In [None]:
import numpy as np
import matplotlib.pyplot as plt

# Set random seed for reproducibility
np.random.seed(42)

class LSTM:
    def __init__(self, input_size, hidden_size, output_size, learning_rate=0.01):
        """
        Initialize an LSTM network from scratch

        Parameters:
        -----------
        input_size : int
            Size of the input features
        hidden_size : int
            Size of the hidden state
        output_size : int
            Size of the output
        learning_rate : float
            Learning rate for gradient descent
        """
        self.input_size = input_size
        self.hidden_size = hidden_size
        self.output_size = output_size
        self.learning_rate = learning_rate

        # Initialize weights for the forget gate
        self.Wf = np.random.randn(hidden_size, hidden_size + input_size) * 0.01
        self.bf = np.zeros((hidden_size, 1))
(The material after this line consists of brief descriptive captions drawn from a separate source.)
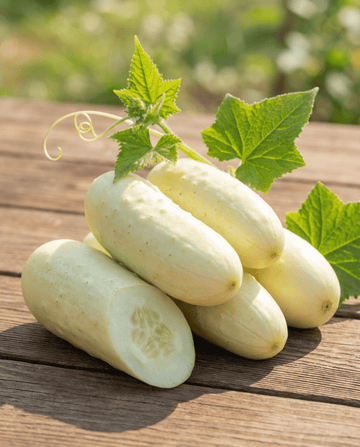 Komkommer White Wonder (Cucumis sativus) – eenjarige groentezaden van SeedsChoice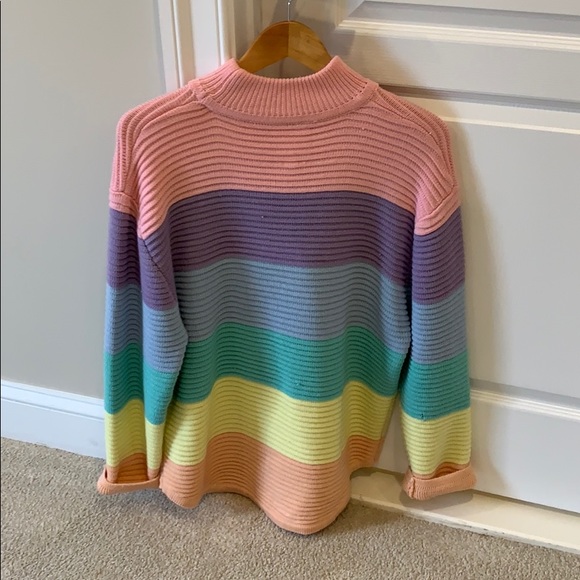 Rare UNIF rainbow sweater turtleneck - Picture 2 of 3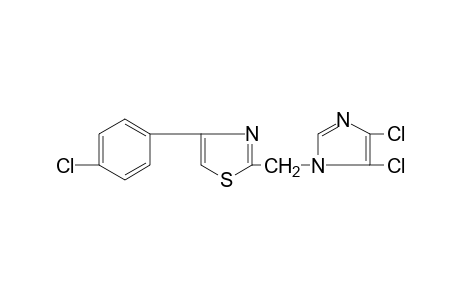 4-(p-chlorophenyl)-2-[(4,5-dichloroimidazol-1-yl)methyl]thiazole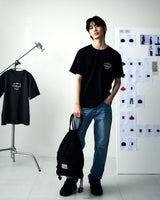 ナイロンポケットコットンTシャツ ブラック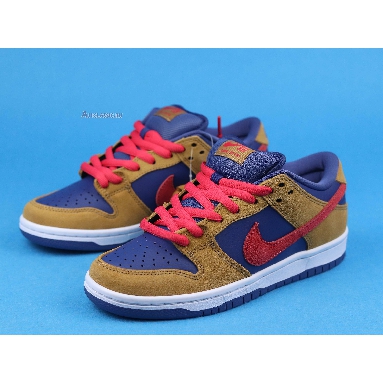 Nike Dunk Low SB Wheat Dark Purple BQ6817-700 Wheat/Light Fusion Red-Dark Purple Mens Womens Shoes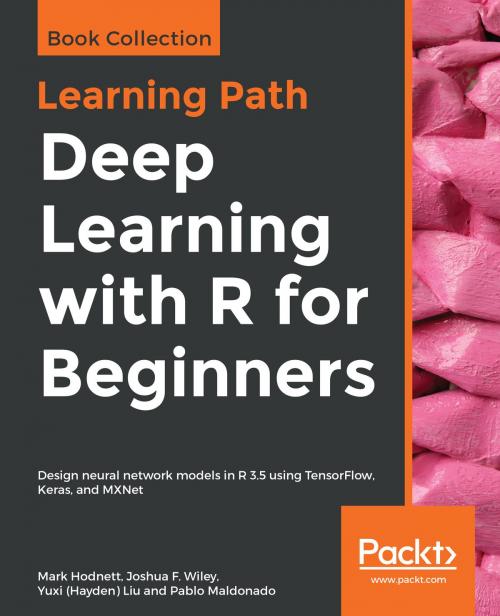 Cover of the book Deep Learning with R for Beginners by Mark Hodnett, Joshua F. Wiley, Yuxi (Hayden) Liu, Pablo Maldonado, Packt Publishing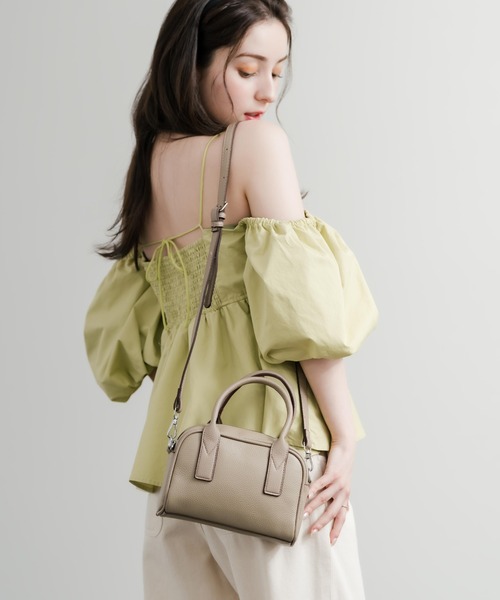 Rocky Monroe（ロッキーモンロー） ボストンバッグ 2WAY PUレザーミニ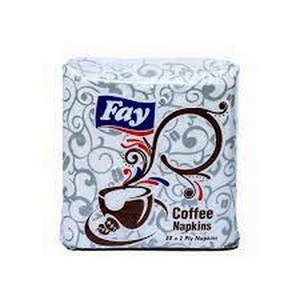 FAY TISSUE COFFEE NAPKINS 50X2 PLY PACK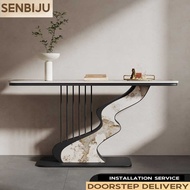 SENBIJU Slab Entryway Table Creative Fashionable Wall-mounted Decorative Cabinet Artistic Hallway Co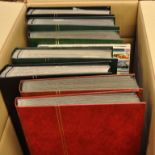 COLLECTION OF THEMATICS IN NINE STOCKBOOKS, TRANSPORT, DISNEY, SPACE ETC.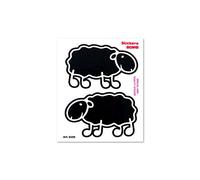 4R Quattroerre.it 6129 Adhesivos Stickers Bomb Ovejas, 10 x 12 cm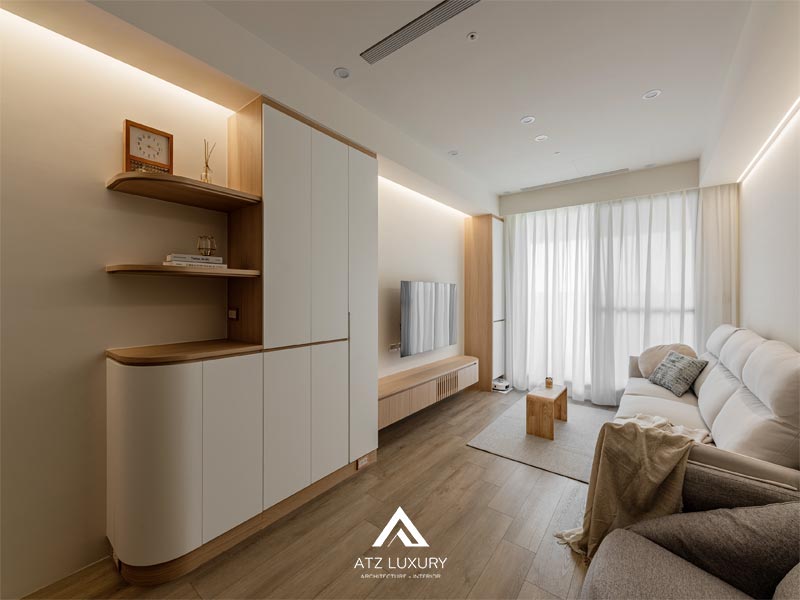 Thiết kế nội thất căn hộ 47m2 cho vợ chồng anh Lương缩略图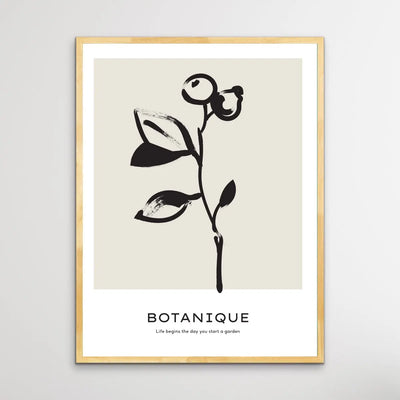 Life Begins The Day You Start A Garden -  Minimalist Black and White Botanique Line Classic Art Print - I Heart Wall Art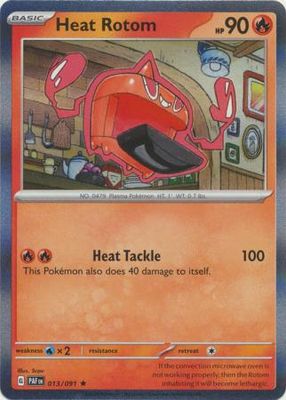 Heat Rotom - 013/091 - Holo Rare Scarlet &amp; Violet: Paldean Fates Singles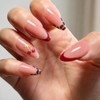Uñas postizas, 6 paquetes (144 piezas) Set de uñas cortas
        # Initialize weights for the input gate
        self.Wi = np.random.randn(hidden_size, hidden_size + input_size) * 0.01
        self.bi = np.zeros((hidden_size, 1))

        # Initialize weights for the cell gate (candidate values)
        self.Wc = np.random.randn(hidden_size, hidden_size + input_size) * 0.01
        self.bc = np.zeros((hidden_size, 1))

        # Initialize weights for the output gate
        self.Wo = np.random.randn(hidden_size, hidden_size + input_size) * 0.01
        self.bo = np.zeros((hidden_size, 1))

        # Initialize weights for the output layer
        self.Wy = np.random.randn(output_size, hidden_size) * 0.01
        self.by = np.zeros((output_size, 1))

    def sigmoid(self, x):
        """Sigmoid activation function"""
        return 1 / (1 + np.exp(-np.clip(x, -15, 15)))  # Clip to avoid overflow

    def forward(self, inputs):
        """
        Forward pass through the LSTM

        Parameters:
        -----------
        inputs : list of numpy arrays
            List of input vectors for each time step

        Returns:
        --------
        h_states : list of numpy arrays
            List of hidden states for each time step
        outputs : list of numpy arrays
            List of output vectors for each time step
        """
        # Store inputs for backpropagation
        self.inputs = inputs
        T = len(inputs)  # Number of time steps

        # Initialize lists to store states and gates
        self.f_gates = []  # Forget gates
        self.i_gates = []  # Input gates
        self.c_tildes = []  # Candidate cell states
        self.o_gates = []  # Output gates
        self.c_states = []  # Cell states
        self.h_states = []  # Hidden states
        outputs = []  # Outputs

        # Initialize the first hidden state and cell state with zeros
        h_prev = np.zeros((self.hidden_size, 1))
        c_prev = np.zeros((self.hidden_size, 1))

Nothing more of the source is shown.